Debt Consolidation Warnings

Debt Consolidation Warnings

Consumers will sometimes look to debt consolidation as a way to reduce their monthly obligations and get debt under control. But before you get involved in debt consolidation, there are some warnings you should heed. The more you understand the process and consequences of debt consolidation, the better prepared you will be to negotiate a favorable deal for your situation.

Balance Transfers

    One of the ways in which consumers will use to consolidate debt is to transfer it to a new account that promises a zero interest rate on account transfers, according to Jenny McCune, on the Bankrate website. The danger in using a balance transfer is the zero percent interest rate is often an introductory rate that will go up after that period is over. Read the fine print on any credit account that you intend to use to transfer a balance and be sure to understand when the rate goes up and what the maximum possible interest rate will be.

Costs

    The process of debt consolidation brings several high-interest rate credit accounts together into one single payment. While this can seem advantageous, if you do not watch the numbers the consolidation loan can cost more than the separate accounts, according to the Federal Trade Commission. Pay attention to the interest rate you are getting on your consolidation loan and make sure it is less than the lowest rate on the credit accounts you are consolidating. In some cases, the loan company will roll insurance and fees into the loan that drive up the costs. Compare the final cost of your consolidation loan to the cost of having your separate accounts before making the final decision.

Loans

    Home equity loans and borrowing against a retirement program are two popular ways that consumers use to consolidate debt, according to Liz Weston, from MSN Money. With a home equity loan you are securing the loan with your home. If you default on the loan, you could lose your home. When you borrow against a 401k program at work you can get the money you need at a reasonable interest rate and have adequate time to pay it off. If you leave the company or are terminated, then the company can ask you to pay that 401k loan back at an accelerated rate. Be careful when using secured loans or retirement account loans to consolidate debt.

Focused Solution

    Consumers that get involved in debt consolidation can make the mistake of believing that consolidation eliminates debt.

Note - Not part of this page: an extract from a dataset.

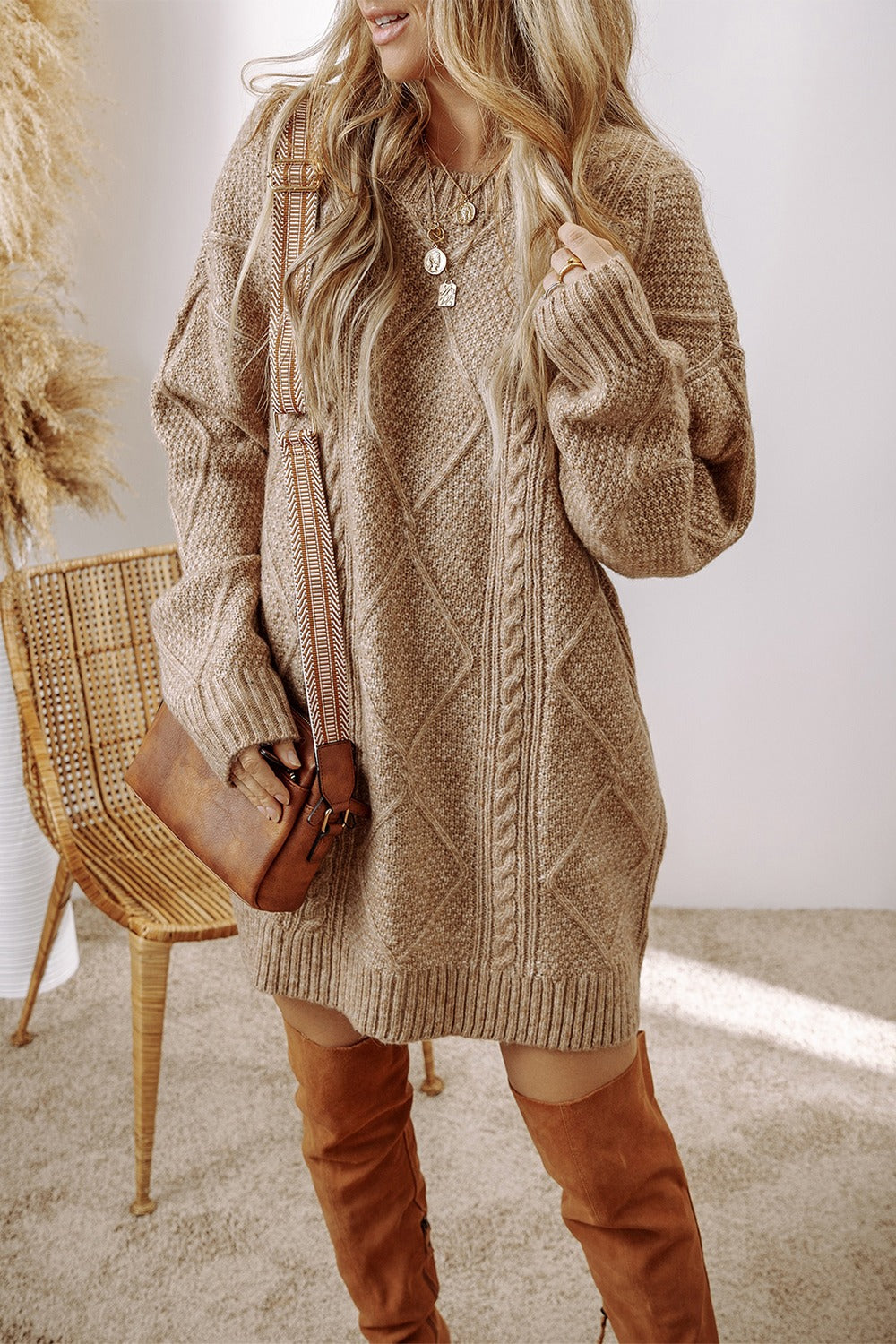 Cable-Knit Round Neck Sweater Dress – Cozy and Stylish All-in-One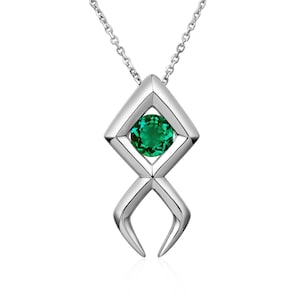 Granat,Smaragd,Moissanit,Amethyst,Edelstein Anhänger Halskette runden Schnitt Geburtsstein Sterling Silber Kette Spiel Anhänger Kette Weihnachtsgeschenke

The process of debt consolidation is one way of getting your debt under control, and it should be a part of a comprehensive debt control program; however, if you need assistance creating a budget and limiting your credit spending, then you should see a credit counselor. Debt consolidation is not a final answer to debt management problems. It is one part of a solution that should address your spending habits and help you make good financial decisions in the future.